Brief: For every line in the material, produce an exact copy.

Given data:
>>>
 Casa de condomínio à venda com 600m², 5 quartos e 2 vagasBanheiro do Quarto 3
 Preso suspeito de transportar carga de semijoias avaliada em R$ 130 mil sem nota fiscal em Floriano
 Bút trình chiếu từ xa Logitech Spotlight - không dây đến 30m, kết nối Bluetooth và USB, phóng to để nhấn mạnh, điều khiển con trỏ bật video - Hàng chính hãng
<<<
Output:
 Casa de condomínio à venda com 600m², 5 quartos e 2 vagasBanheiro do Quarto 3
 Preso suspeito de transportar carga de semijoias avaliada em R$ 130 mil sem nota fiscal em Floriano
 Bút trình chiếu từ xa Logitech Spotlight - không dây đến 30m, kết nối Bluetooth và USB, phóng to để nhấn mạnh, điều khiển con trỏ bật video - Hàng chính hãng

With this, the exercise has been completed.